FORT WAYNE, Ind. (Indiana’s NewsCenter) – A Fort Wayne police officer with a history of disciplinary problems will keep his job.
Indiana’s NewsCenter spoke exclusively with Police Chief Rusty York and one of the men who made the decision to keep Morales on the job.
In the most recent incident, 19-year veteran officer Scott Morales is accused of choking a suspect and slamming his head multiple times in a hospital.
According to Morales’ Fact Finding Report, on February 13 Morales transported a suspect from a nightclub to the Allen County Confinement Facility. But, the suspect had a medical condition and was taken to a local hospital. Once at the hospital the report states Morales walked the prisoner into the hospital, “banged the prisoners’ head into the door” and put his hands around the suspect’s neck, “causing the prisoner to gasp and choke and make gurgling sounds as if suffocating”. After placing the prisoner on a gurney, Morales “lifted the prisoners head and slammed it down”. He then told the prisoner he was his expletive and in “his home”, according to the report.

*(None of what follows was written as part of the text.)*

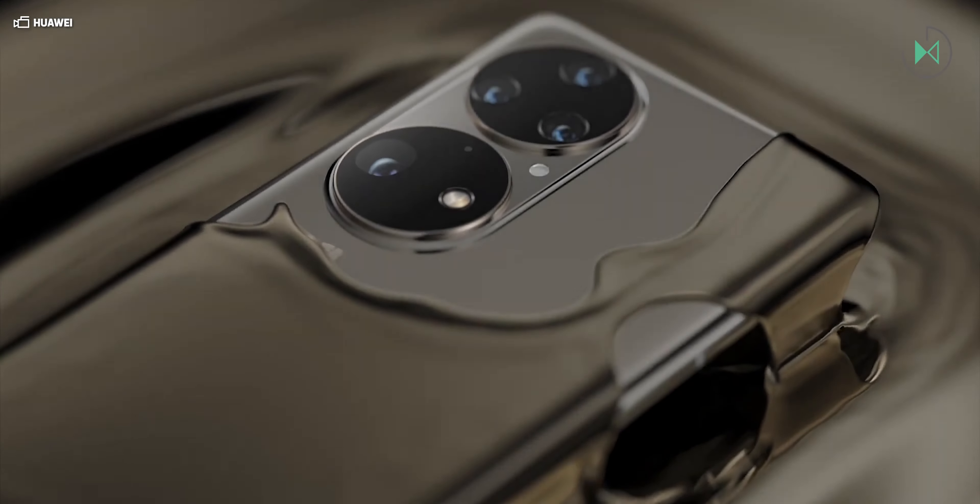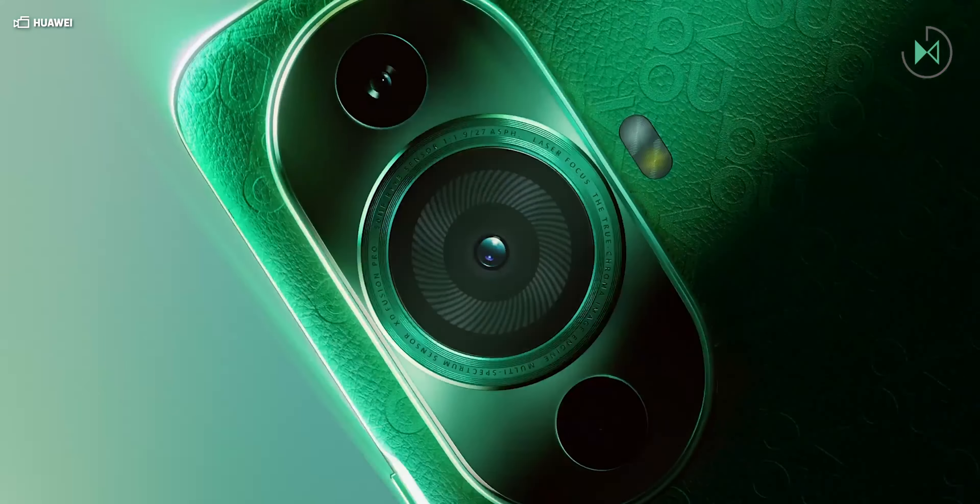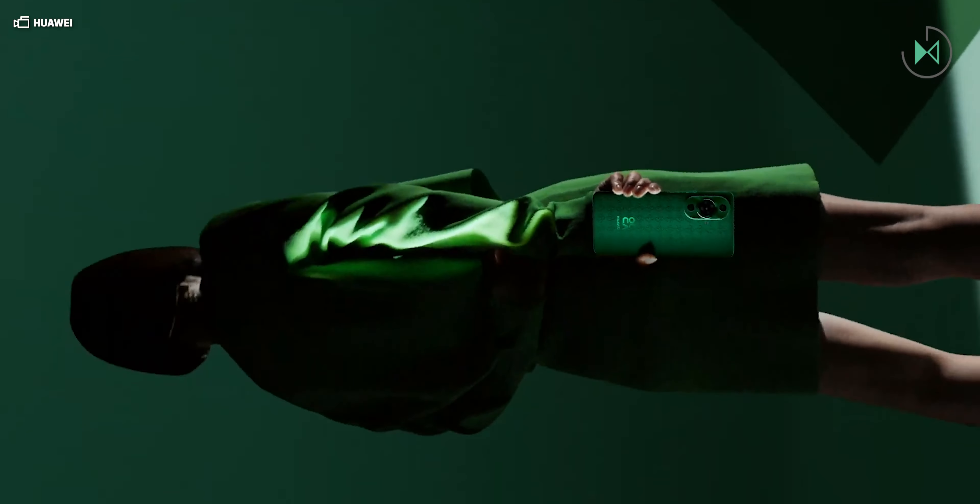Also present are the Huawei Mate XS2, and finally from the Nova range, the Nova 11 series including the Nova 11 model, and the Huawei Nova Y91.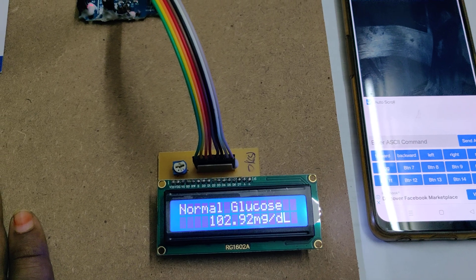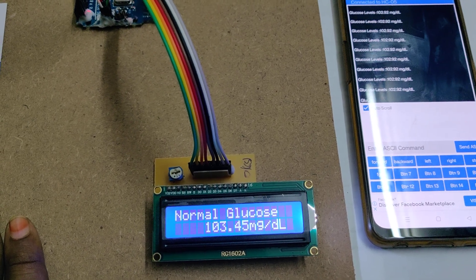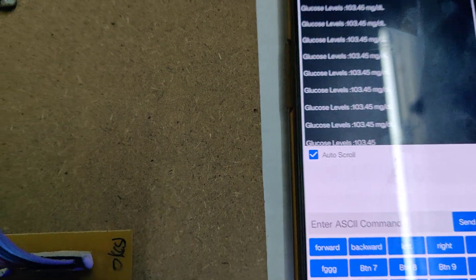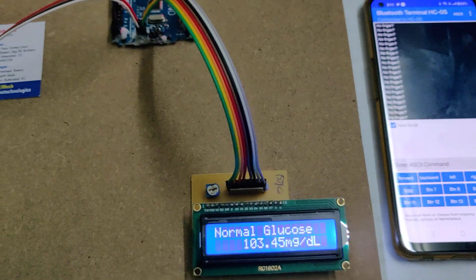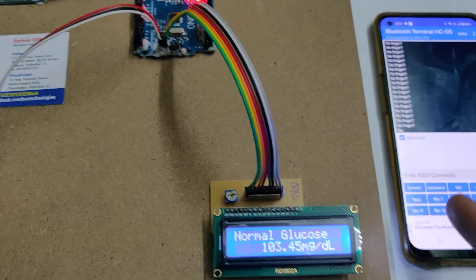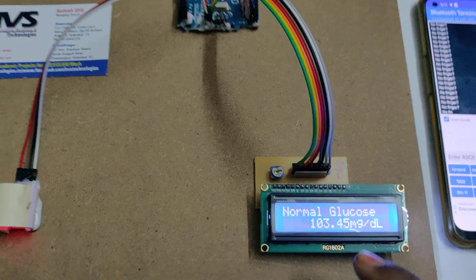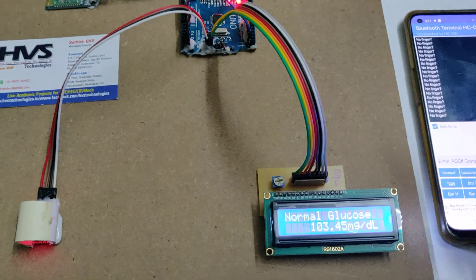If you move the finger then the fluctuation will be more; if you keep it still normally, it will stabilize — as you can see, values like 101 or 103. These are the glucose levels continuously monitored via Bluetooth, and this is the approximate value in mg per deciliter.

Because of this allegation and multiple others like it York recommended Morales be fired. But Monday night, a small group of citizens, who make up the Board of Public Safety, voted to keep Morales on the job and give him 90-days unpaid suspension.
“This can't continue, this is serious and in this person's opinion we needed to consider termination,” York said. Reporter: “But it wasn't upheld. Your opinion wasn't...” York: “And like I said I accept that.”
“It was in our interest and in the interest of the public to make sure Officer Morales wasn't in a position to engage the public in the same way he had before,” Board of Public Safety member Quinton Dixie said. “And so with that being the bare minimum then we did get an outcome that we think protects the public.”
Sharon Peters, Steven Boerger, Frank Casagrande joined Dixie in their vote to keep Morales. Jim Underwood was absent and did not vote.
Morales has received 14 other suspensions in his career and Dixie says the board looked at those incidents.
“We are permitted to review the entire disciplinary record of an officer when making a decision about discipline,” Dixie said.
“You're gonna have those that will get upset by this, but I'm just saying that possibly there is more detail, more facts related to this incident that they're aware of,” York said.
York says he is “satisfied” with Morales keeping his job.
When Morales’ returns to work in November, he will be put behind a desk as a detective. York says there is no pay increase or benefit changes for Morales even though his title has changed.
Morales could have retired at the end of this year but now must serve more time before he reaches retirement. Once he serves 20-years, he will receive his full pension.
York says Morales will be “closely supervised” and says, “Morales will not want to face the Board of Public Safety again”.
Morales tells Indiana's NewsCenter Tuesday "I don't have a comment for you" before he hung up the phone.